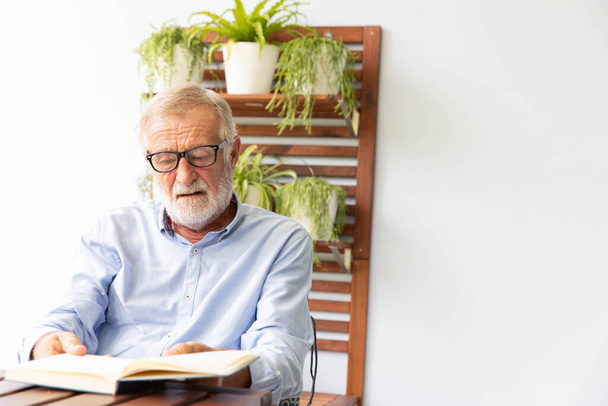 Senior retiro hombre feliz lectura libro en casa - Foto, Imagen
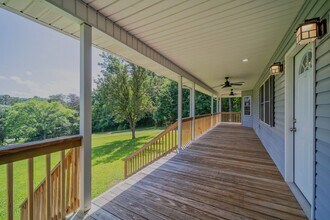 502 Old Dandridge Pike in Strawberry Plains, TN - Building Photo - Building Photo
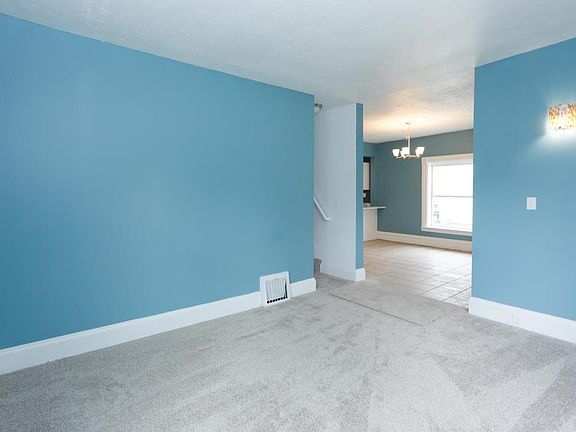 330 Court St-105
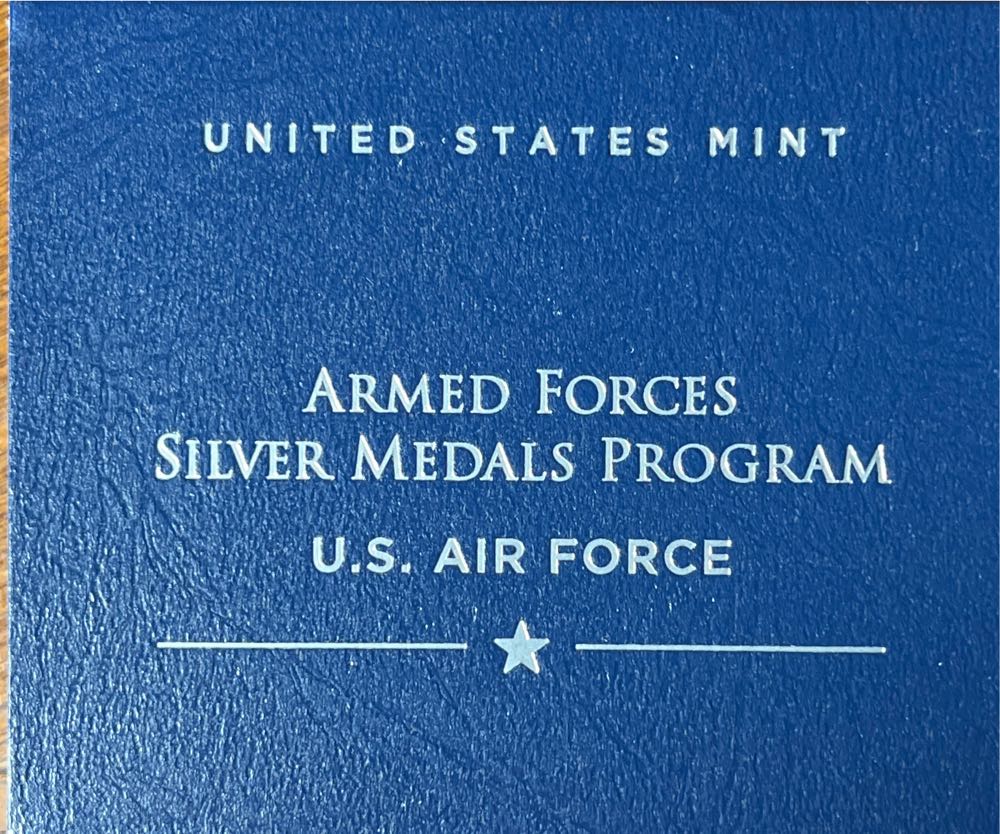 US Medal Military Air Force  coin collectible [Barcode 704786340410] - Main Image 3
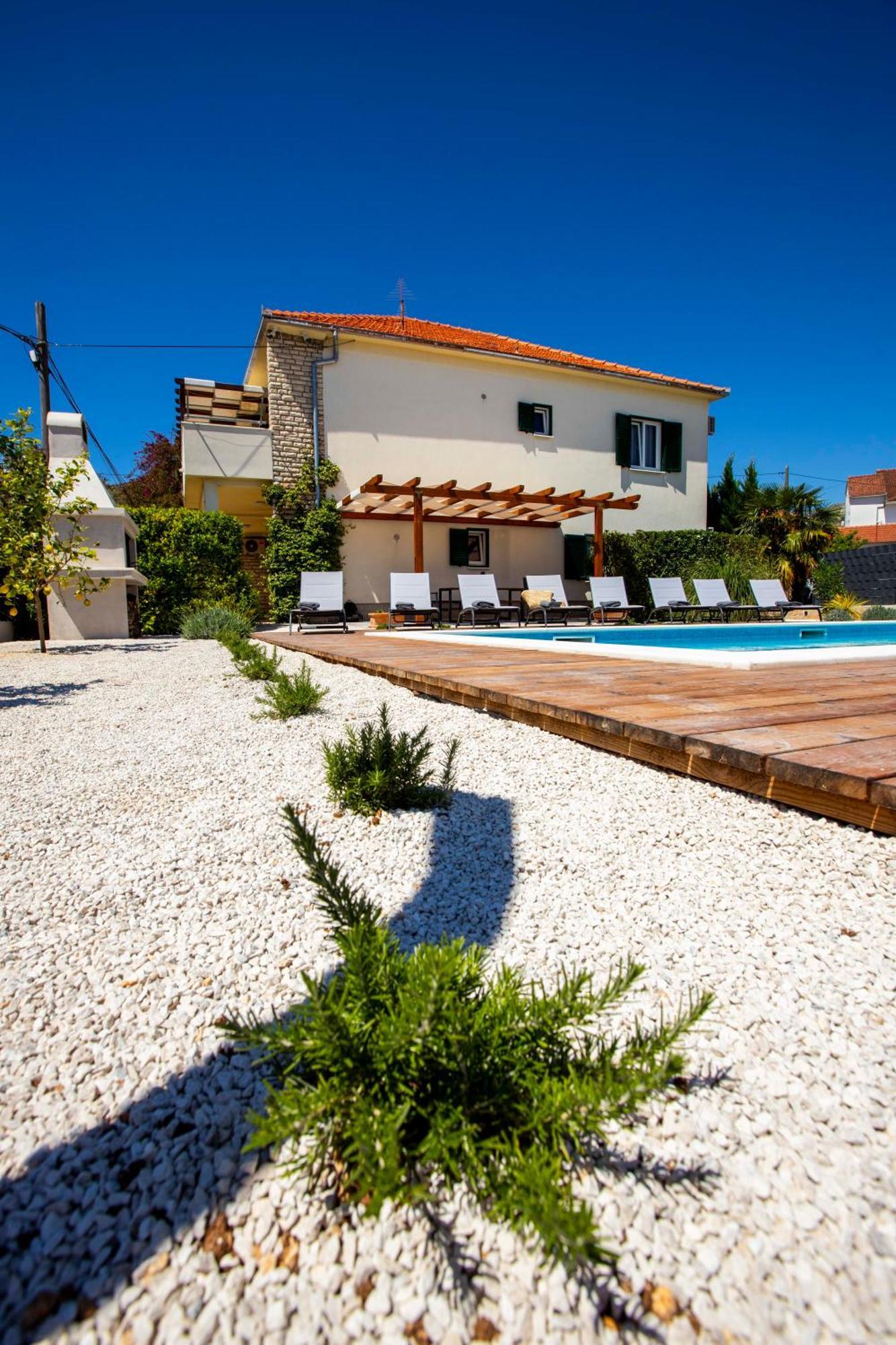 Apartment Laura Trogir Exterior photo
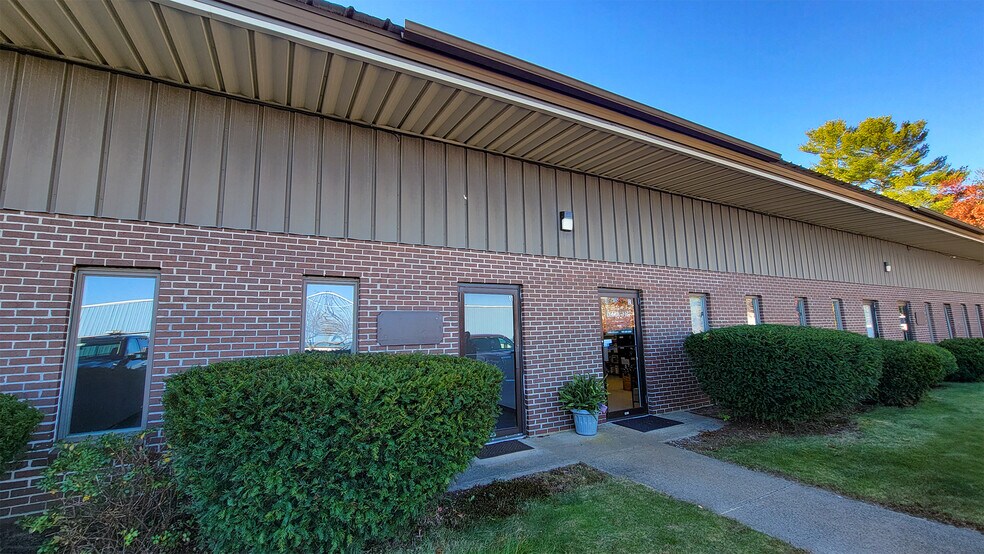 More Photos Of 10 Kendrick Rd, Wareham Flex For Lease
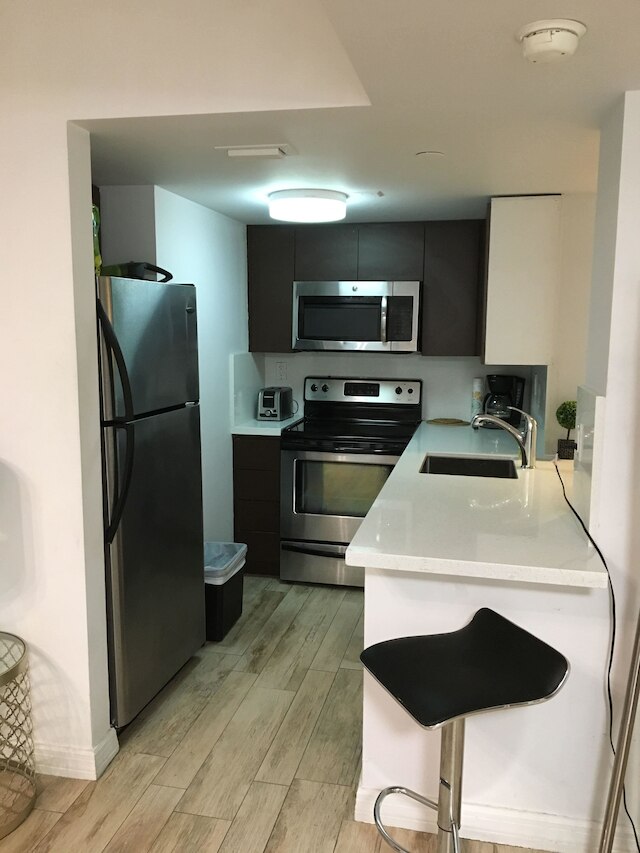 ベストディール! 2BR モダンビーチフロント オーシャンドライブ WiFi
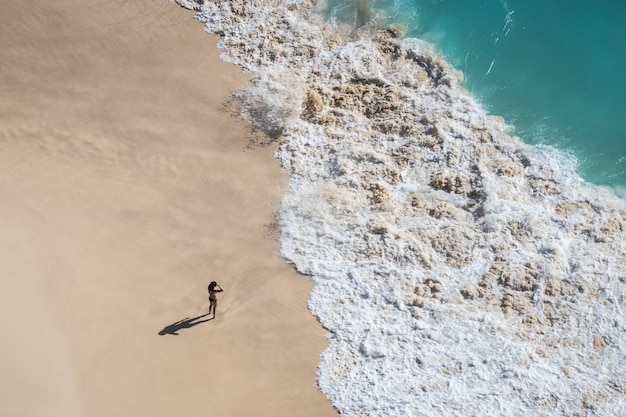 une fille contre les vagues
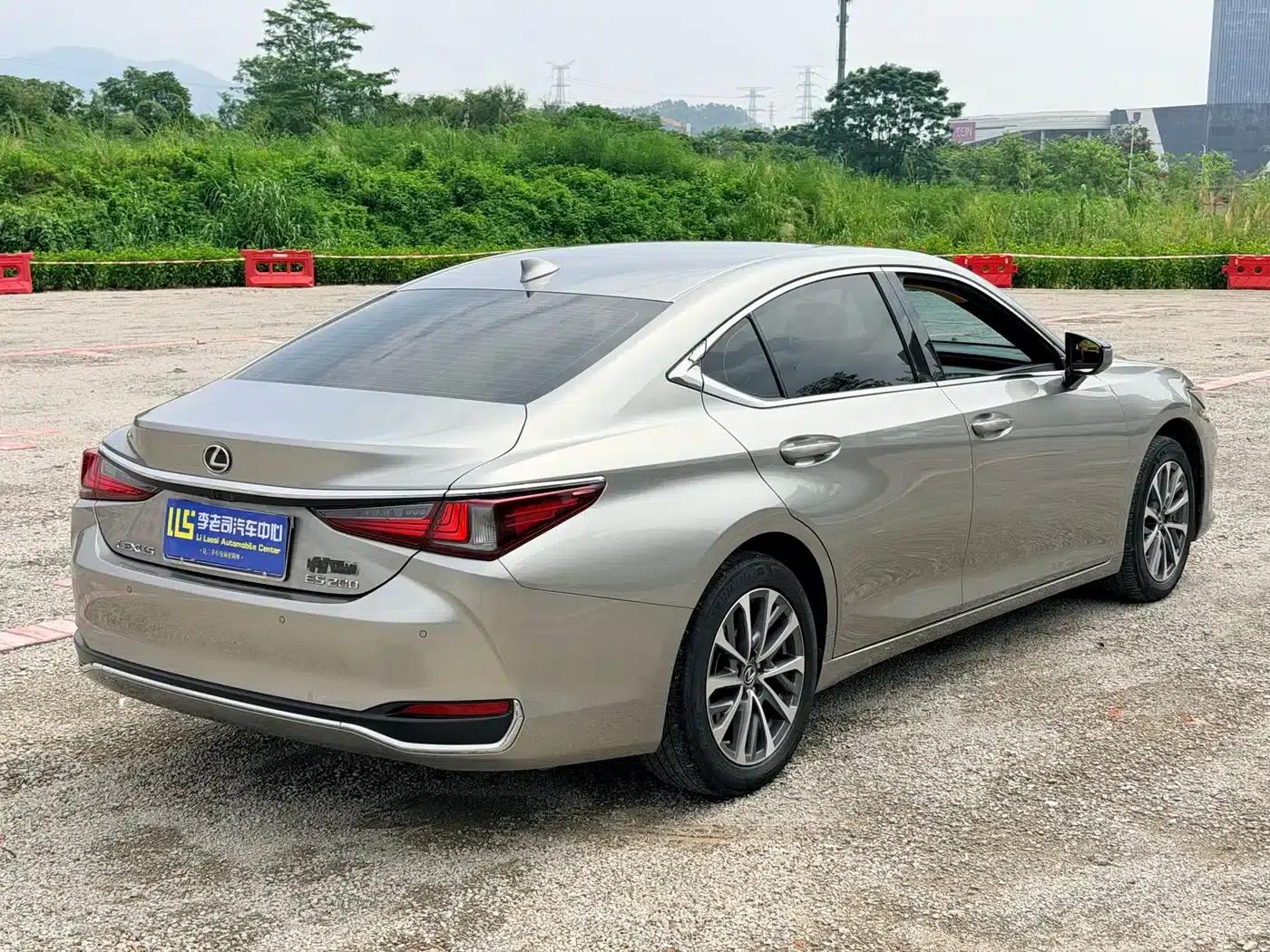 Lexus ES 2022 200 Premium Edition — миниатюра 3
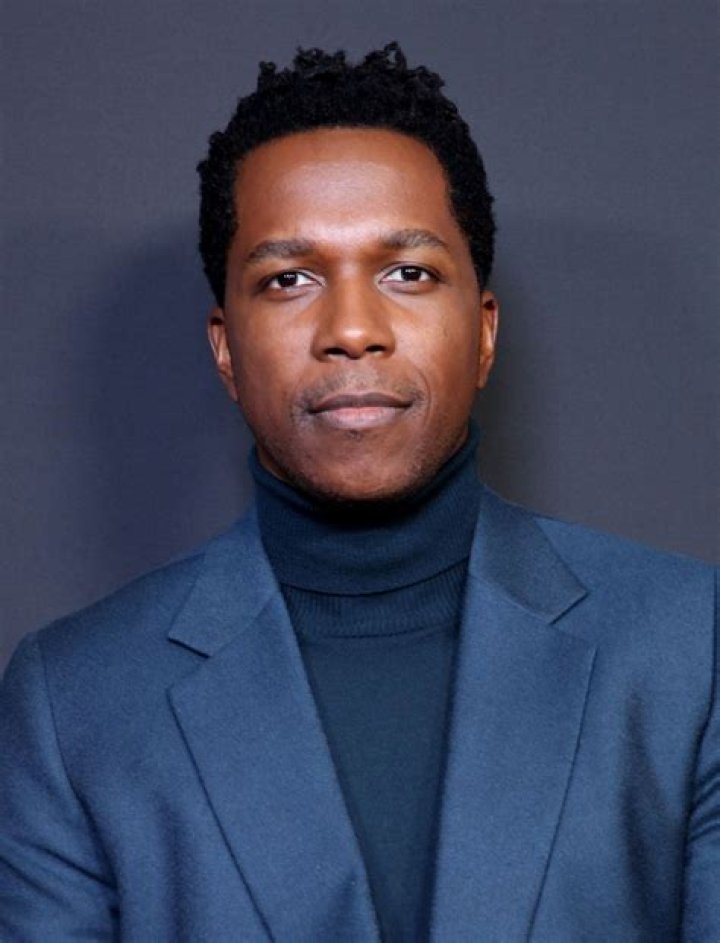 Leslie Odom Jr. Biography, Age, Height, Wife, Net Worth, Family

§ DIRECTIONS FOR THIS TASK
With the pictures set aside, repeat every entry above exactly.

§ TASK OUTPUT
 Senior retiro hombre feliz lectura libro en casa - Foto, Imagen
 502 Old Dandridge Pike in Strawberry Plains, TN - Building Photo - Building Photo
 330 Court St-105
 US Medal Military Air Force  coin collectible [Barcode 704786340410] - Main Image 3
 Apartment Laura Trogir Exterior photo
 More Photos Of 10 Kendrick Rd, Wareham Flex For Lease
 ベストディール! 2BR モダンビーチフロント オーシャンドライブ WiFi
 une fille contre les vagues
 Lexus ES 2022 200 Premium Edition — миниатюра 3
 Leslie Odom Jr. Biography, Age, Height, Wife, Net Worth, Family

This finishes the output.